Borderlands: The Pre-Sequel Review
For a game set in the farthest reaches of space, Borderlands: The Pre-Sequel spends a lot of time with it's feet firmly planted on the ground. That's not to say that the game fails to deliver; in fact it's quite the contrary. Borderlands: The Pre-Sequel is chocked full of everything that fans of the series have come to love, great writing, gear, guns and loot. Unfortunately though, it also delivers some of the many problems that have plagued the series since it's inception and though the new gimmicks are fun additions to the formula, they're not enough to stop you from noticing how aged the formula can feel. Be sure though that if you're a Borderlands fan, The Pre-Sequel will do more than whet your appetite for the next true installment in the franchise.
Set in-between the events of the original Borderlands and it's sequel, The Pre-Sequel is the story of how Handsome Jack became, well...Handsome Jack. It's interesting to see how Jack went from semi-hero to one of the Galaxy's most hated villains and he's written with just as much snark and ego-centric comments as you'd expect. Despite everything that The Pre-Sequel adds, Handsome Jack is easily the star of the game, and the writers have done a great job in making him seem likable yet always reminding us just why everyone hates this guy. Perhaps more importantly, they avoid the expected tropes seen in so many stories that try to tell a villain's origins.
"...does a great job rewarding whatever play style you may use..."
If you've played either of the previous Borderlands games you'll feel right at home with The Pre-Sequel. Choose one of the four new playable characters, Athena the Gladiator, Nisha the Lawblinger, Wilhelm the enforcer and Claptrap (yes, that Claptrap) and empty bullets into your enemies in search of loot and more guns. Like the previous games, The Pre-Sequel is extremely generous with it's loot, so it's still as fun as ever to blast through a field of enemies and see what they drop. There's a natural progression to each character, but also a surprisingly deep (even for this franchise) amount of character customization that goes into each skill-tree and even more in the previous games, I found myself digging deep into each character. Borderlands: The Pre-Sequel does a great job rewarding whatever play style you may use, and the results are not only incredibly fun but they also allow for a huge amount of replay value.
The Pre-Sequel's biggest addition to the Borderland's formula is the addition of zero-gravity mechanics and while they do change up a lot in some of the game's bigger sections, they do tend to underwhelm more than they impress. Throughout the game you'll go between indoor sections with normal gravity and outdoor ones where you'll be able to manipulate gravity to put new spins on your attacks. You can use it to hover above your enemies or slam to the ground in a punishing attack. Each of these takes away from your oxygen meter, and you'll die if it reaches zero but this rarely feels like the gamble it should thanks to the fact that nearly every enemy drops oxygen tank refills when they die, which makes sense but it took a lot of the drama out of the experience.

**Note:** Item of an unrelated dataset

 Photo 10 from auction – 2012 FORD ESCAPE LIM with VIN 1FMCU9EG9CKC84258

The real problem with the anti-gravity mechanics is how much it tends to slow down the Borderlands experience we've all come to know. Like in previous games, the action happens quick in The Pre-Sequel, and I couldn't help but feel like the areas where I was almost forced to use the anti-gravity ruined that for me. At the very least it made me vulnerable to more enemy attacks while in the air. Some of these jumps, especially those with jump-pads early in the game take a frustratingly long time and though it can all be modified by equipping different items and skills, it just feels like the game becomes unnecessarily complicated as a result of the addition.

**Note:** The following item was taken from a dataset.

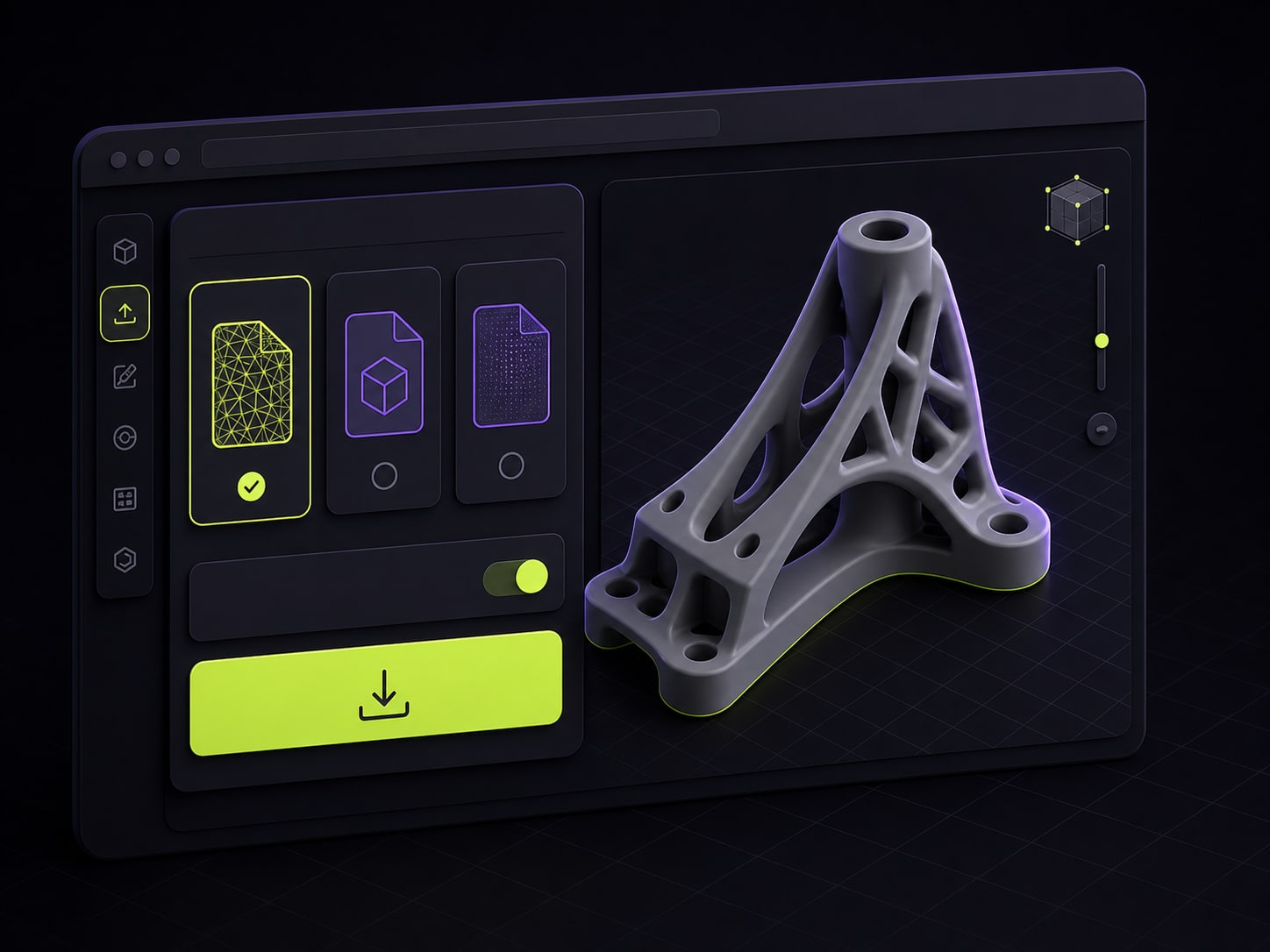 A finished STL model exported and downloaded for 3D printing.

"...a little innovation wouldn't have hurt anyone."
By far though the biggest disappointment with Borderlands: The Pre-Sequel is how it fails to address a number of problems that have plagued the series since it's inception. Missions still require you to trace all the way back to the starting point to obtain your reward (a bigger issue this time around thanks to the added oxygen level mechanic) and there are entire sections that are void of enemies and make the entire game feel like more of a slog than it needs to be. I was at least hoping that Gearbox would fix the broken way-point system but it's still as broken as ever and it's disappointing to say the least. I get that The Pre-Sequel was supposed to be something to tide you over until the next real installment, but a little innovation wouldn't have hurt anyone.

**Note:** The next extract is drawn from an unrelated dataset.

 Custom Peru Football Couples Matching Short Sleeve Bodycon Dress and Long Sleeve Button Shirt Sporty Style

Borderlands: The Pre-Sequel is a really expensive appetizer for a main course that you don't when it's coming, but know it's going to be really good. It whets your appetite and gets you thinking just how much you want that main course, but it won't satisfy you — especially if you're looking for something new. It delivers everything you want from a Borderlands game and does so very well but you're constantly reminded of how much you want Borderlands 3, and how much this isn't that. Borderlands fan will eat up this latest piece of their beloved franchise.